[What is being asked]: From the data below, repeat everything exactly except the images.

[Supplied material]:
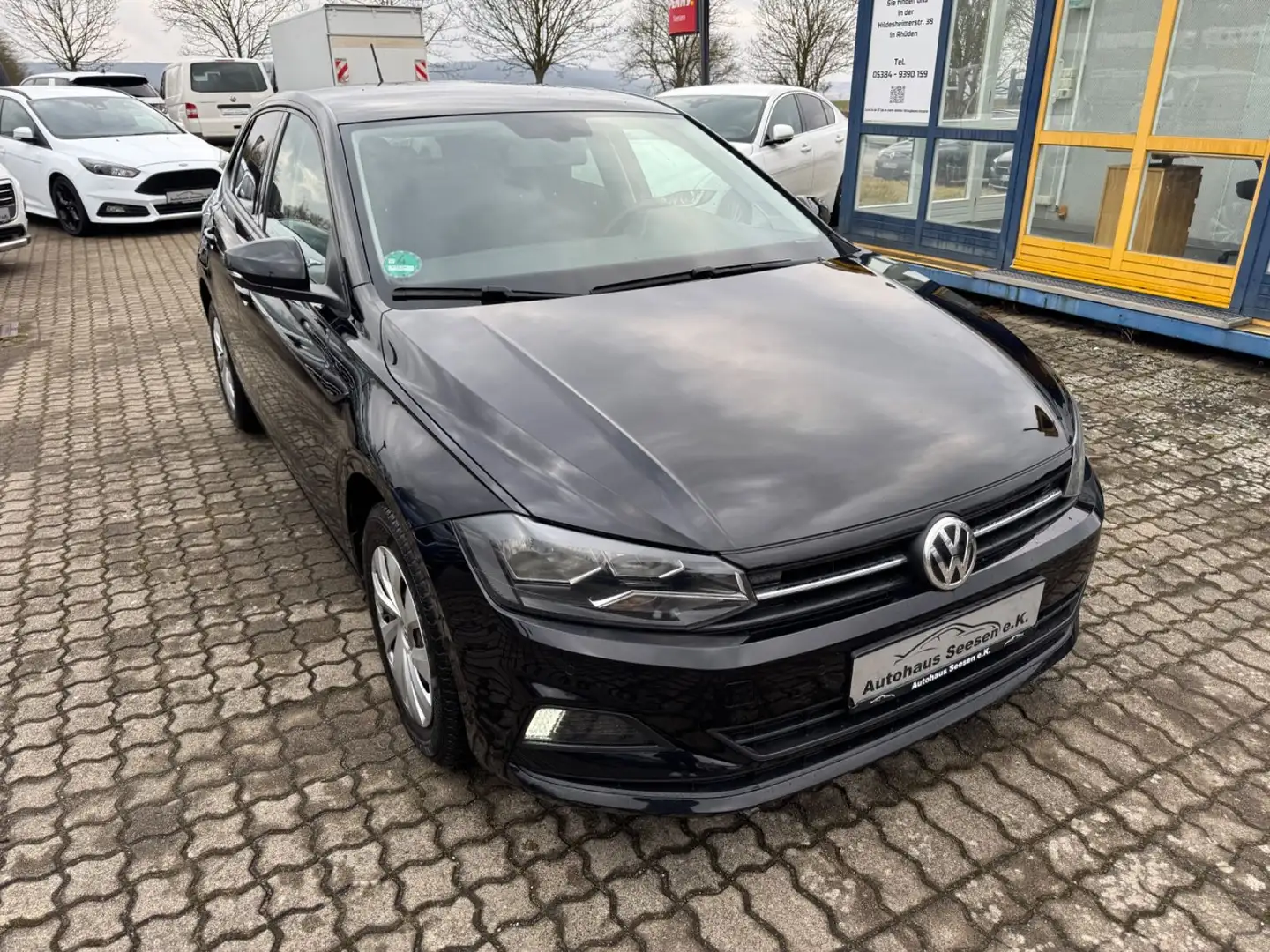 Volkswagen Polo VI Comfortline Negro - 1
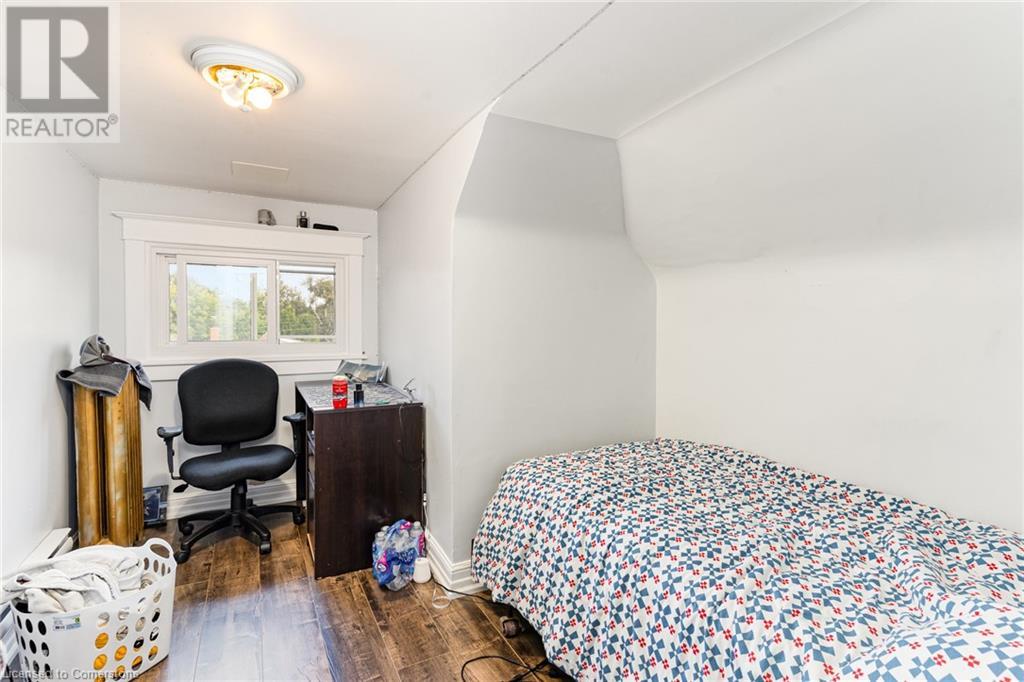 74 Kenilworth Avenue S Property Photo 21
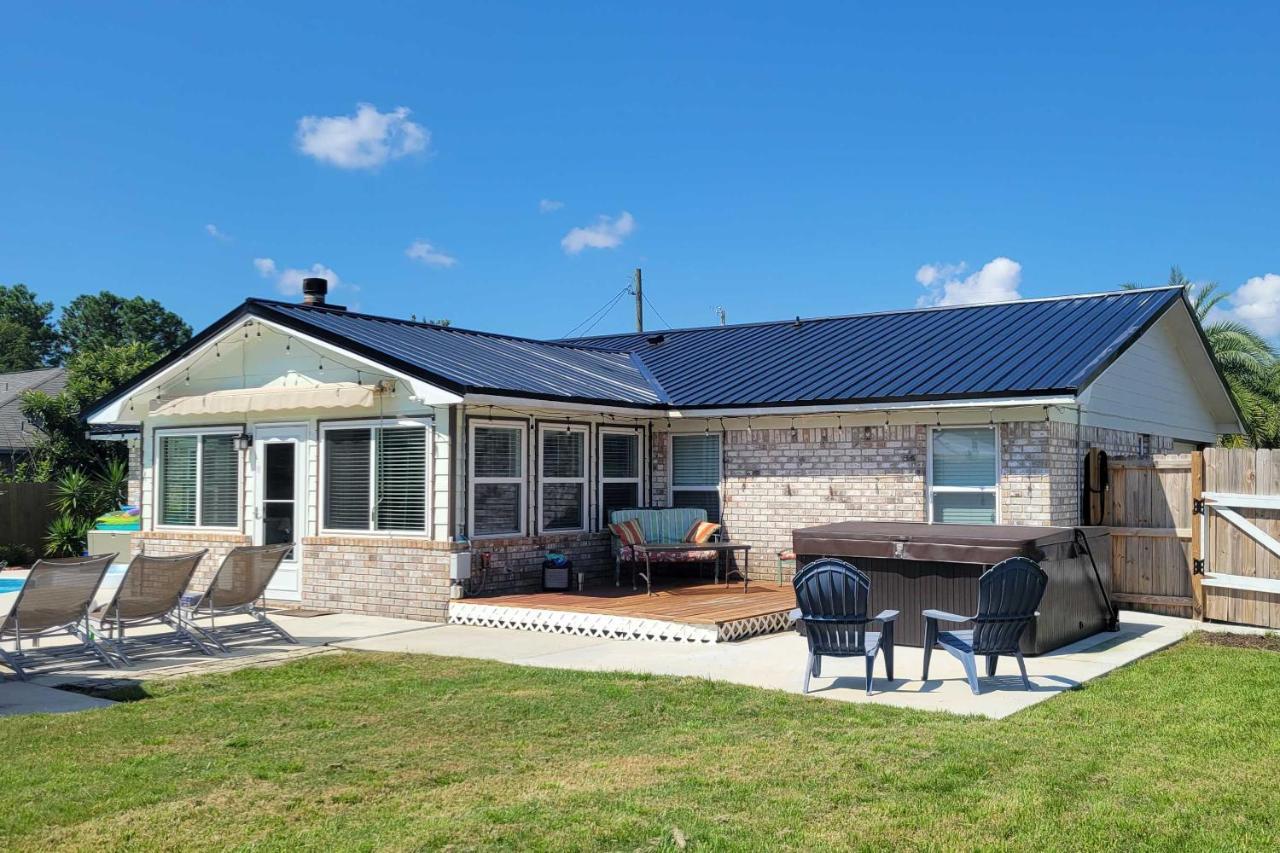 Welcoming Pensacola Home With Spacious Yard! Exterior photo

[Exercise response]:
 Volkswagen Polo VI Comfortline Negro - 1
 74 Kenilworth Avenue S Property Photo 21
 Welcoming Pensacola Home With Spacious Yard! Exterior photo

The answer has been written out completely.